I haven't had any since September. It is amazing to me.
My sex life was messed up because of the meds and that's been since the DA. No organisms since the buprenorphine. Just difficult before.
I hope this helps.

jul2873
Posts: 445
Joined: Thu Nov 15, 2012 7:32 pm

Re: What’s the end game?

Post by jul2873 »

Hi Bridgercan,

I've had episodes of RLS for at least 40 years. I'm a female, and 80 next month. While I have vivid memories of not being able to sit on a couch and chat with friends at parties, and having a very hard time on airplanes, on the whole I was sleeping pretty well until about 13 years ago. Then I was having to get up 3 or 4 times a night and walking a little. About this time me moved, and I decided I should talk to a doctor about this. Also, I discovered this forum then, and read it all the time.

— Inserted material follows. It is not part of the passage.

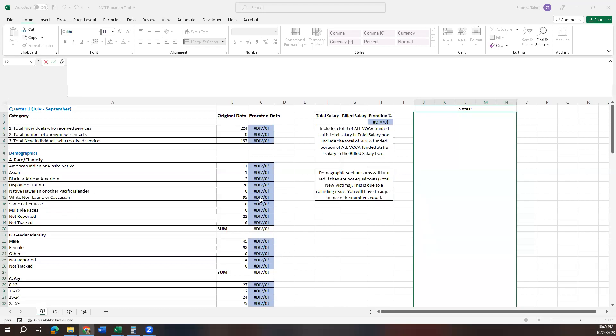Hi, I'm Bree Talbot. In this video, we are going to be going over the data proration tool that was created to assist subgrantees in prorating their data for their PMT report.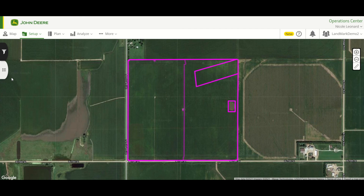That is creating, editing, and deleting boundaries in the Operations Center LAN tool. Thanks for watching.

The first neurologist I saw, who said he specialized in RLS, tried to put me on a couple of DA's. But by then I was reading this forum, and was afraid of augmentation, so I never took them. Instead, I did research online, and found kratom. I started taking it, just a little, and it was enough to give me pretty good sleeping. Since then, I have had a number of doctors for various things, and as soon as they hear RLS, they try again to get me on a DA. I refuse, since the kratom is still working pretty well. After all these years, I take more--about a tablespoon 3 or 4 times during the night, and a tsp. 2 or 3 times during the day. I also take a lot of vitamins.

This gives me a pretty good quality of life. I get a total of 6 or 7 hours sleep at night. It's patched together, since I get up about 3 times. I'm up for between a half hour and hour. I take some kratom and walk around listening to podcasts and audio books. Since I'm retired, going to bed early and sleeping in is not a problem.

Essentially, my RLS has been pretty stable for ten years. I'm wondering if that's because I was lucky enough to read this forum before taking a DA. Of course, every so often I get stuck somewhere and the kratom isn't enough, but for the last couple of years my PC has given me a bottle of Oxycodone to use for these times. So on long plane or car rides, for shows at night--these tough times--I take a couple of pills and because I use them so rarely they work well.

My heart really goes out to those of you who are really so disabled by this disease. I feel very lucky, and very thankful for the people, like Anne and Steve, who have posted for so long on it.